Word for word, transcribe the data below from the line with "Livre pour enfant" to the line with "収納　たっぷりとした収納スペースです", keeping both of those lines.

Start of EXERCISE DATA

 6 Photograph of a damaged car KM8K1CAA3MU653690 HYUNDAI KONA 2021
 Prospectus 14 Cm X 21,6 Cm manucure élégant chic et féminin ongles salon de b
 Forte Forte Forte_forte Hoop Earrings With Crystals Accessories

End of EXERCISE DATA
Start of EXERCISE DATA

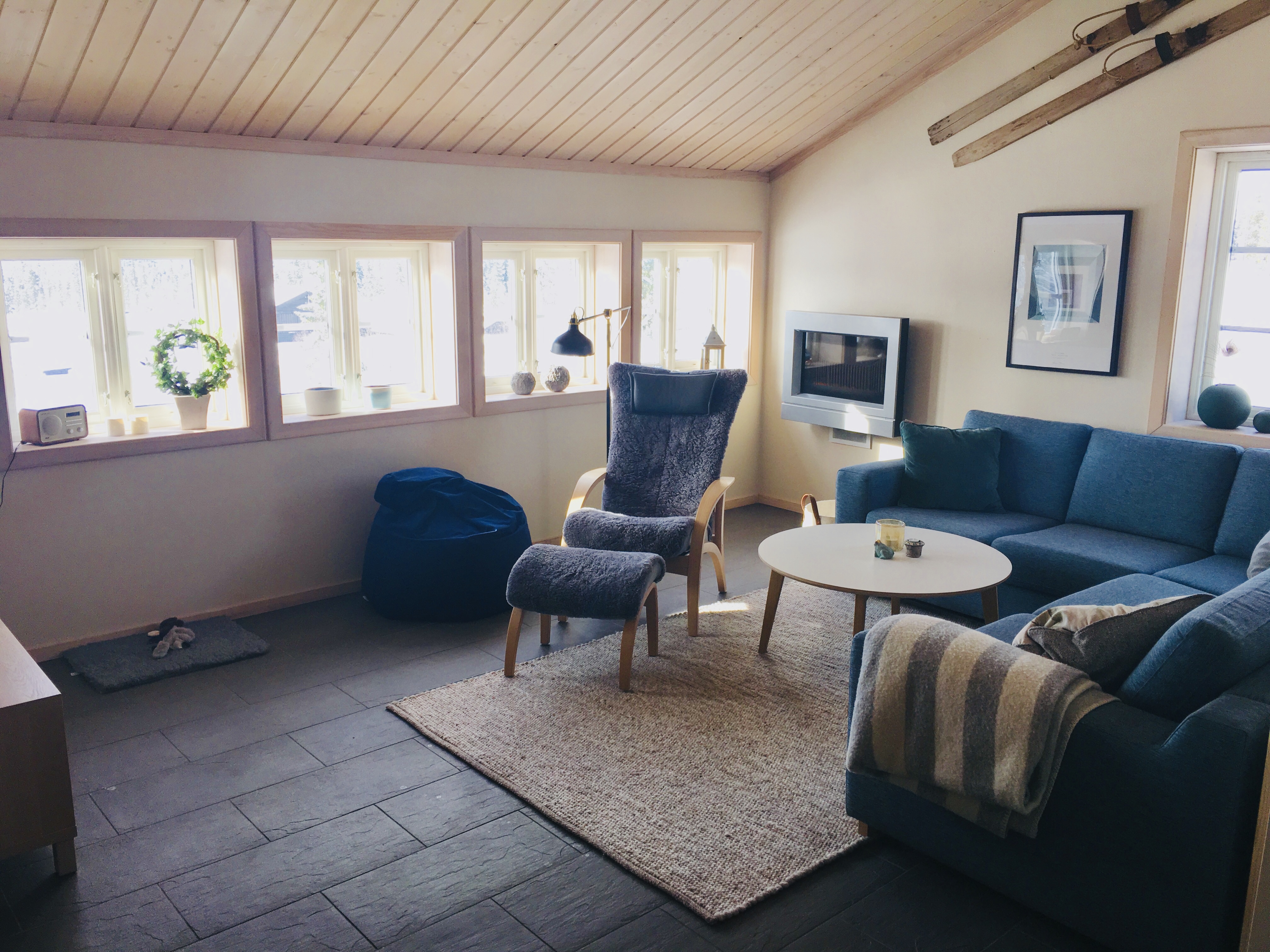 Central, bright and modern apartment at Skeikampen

End of EXERCISE DATA
Start of EXERCISE DATA

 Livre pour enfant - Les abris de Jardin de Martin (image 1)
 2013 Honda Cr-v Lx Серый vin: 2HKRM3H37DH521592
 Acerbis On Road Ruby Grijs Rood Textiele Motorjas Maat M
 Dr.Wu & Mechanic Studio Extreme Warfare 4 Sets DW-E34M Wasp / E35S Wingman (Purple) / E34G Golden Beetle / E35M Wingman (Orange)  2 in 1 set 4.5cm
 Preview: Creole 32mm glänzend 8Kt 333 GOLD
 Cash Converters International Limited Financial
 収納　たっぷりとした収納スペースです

End of EXERCISE DATA

= RESULT FOR THIS EXERCISE =
 Livre pour enfant - Les abris de Jardin de Martin (image 1)
 2013 Honda Cr-v Lx Серый vin: 2HKRM3H37DH521592
 Acerbis On Road Ruby Grijs Rood Textiele Motorjas Maat M
 Dr.Wu & Mechanic Studio Extreme Warfare 4 Sets DW-E34M Wasp / E35S Wingman (Purple) / E34G Golden Beetle / E35M Wingman (Orange)  2 in 1 set 4.5cm
 Preview: Creole 32mm glänzend 8Kt 333 GOLD
 Cash Converters International Limited Financial
 収納　たっぷりとした収納スペースです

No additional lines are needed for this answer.